### TASK REQUIREMENTS
Return every entry below word for word and leave out any picture.

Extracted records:
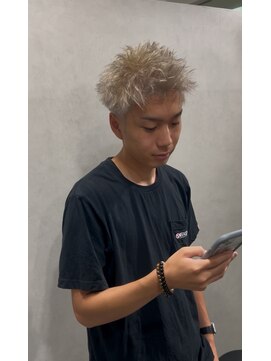 ステラ(STELLA) スパイキーショート/メンズ/メンズサロン/眉毛カット/ツイスパ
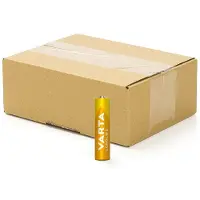 Varta Aanbieding: Longlife AAA / MN2400 / LR03 Alkaline Batterij 480 stuks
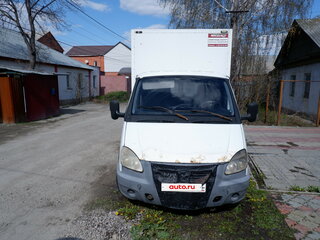 2011 ГАЗ ГАЗель (3302), белый, 650000 рублей, вид 3
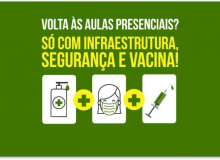 Confetam/CUT apela para que pais se recusem a mandar filhos para escola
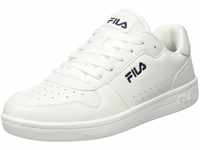 FILA Herren NETFORCE II X CRT Sneaker, White, 40 EU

### THE ANSWER
 ステラ(STELLA) スパイキーショート/メンズ/メンズサロン/眉毛カット/ツイスパ
 Varta Aanbieding: Longlife AAA / MN2400 / LR03 Alkaline Batterij 480 stuks
 2011 ГАЗ ГАЗель (3302), белый, 650000 рублей, вид 3
 Confetam/CUT apela para que pais se recusem a mandar filhos para escola
 FILA Herren NETFORCE II X CRT Sneaker, White, 40 EU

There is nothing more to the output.